ABOUT THIS TASK:
Take the lines in the listing below from the line with "Cat Clear Window" up to and including the line with "Serrated, Raptor Tooth" and set them down exactly, skipping pictures and adding nothing.

** Opening SUPPLIED RECORDS block **

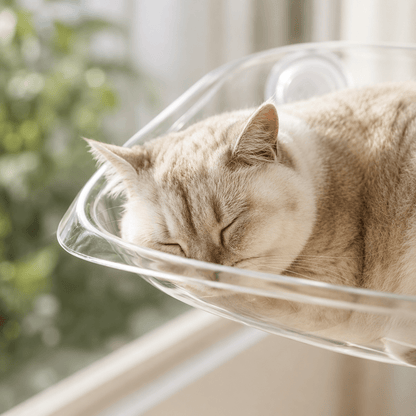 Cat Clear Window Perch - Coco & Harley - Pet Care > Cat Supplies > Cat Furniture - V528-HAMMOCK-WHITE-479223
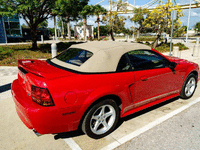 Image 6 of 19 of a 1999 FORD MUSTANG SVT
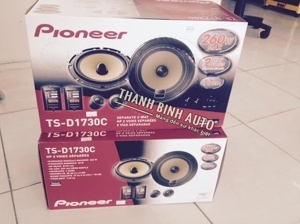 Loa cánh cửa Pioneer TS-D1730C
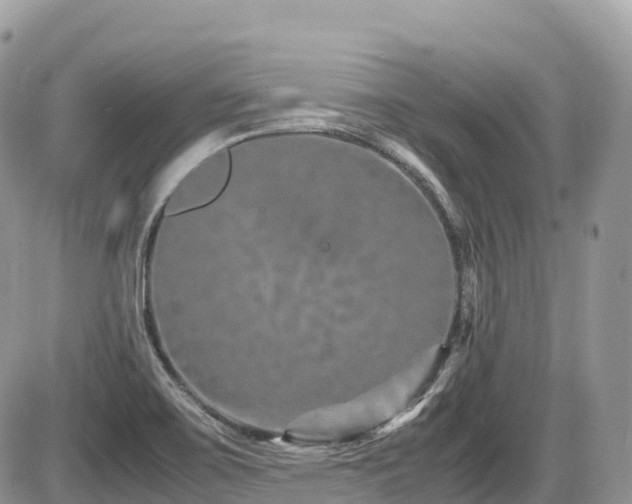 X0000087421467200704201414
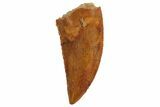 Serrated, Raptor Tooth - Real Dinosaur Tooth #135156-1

** Closing SUPPLIED RECORDS block **
** Opening SUPPLIED RECORDS block **

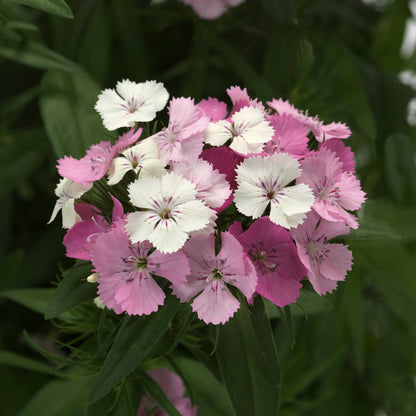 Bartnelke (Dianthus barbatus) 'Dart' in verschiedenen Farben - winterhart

** Closing SUPPLIED RECORDS block **

RESULT OF THIS TASK:
 Cat Clear Window Perch - Coco & Harley - Pet Care > Cat Supplies > Cat Furniture - V528-HAMMOCK-WHITE-479223
 Image 6 of 19 of a 1999 FORD MUSTANG SVT
 Loa cánh cửa Pioneer TS-D1730C
 X0000087421467200704201414
 Serrated, Raptor Tooth - Real Dinosaur Tooth #135156-1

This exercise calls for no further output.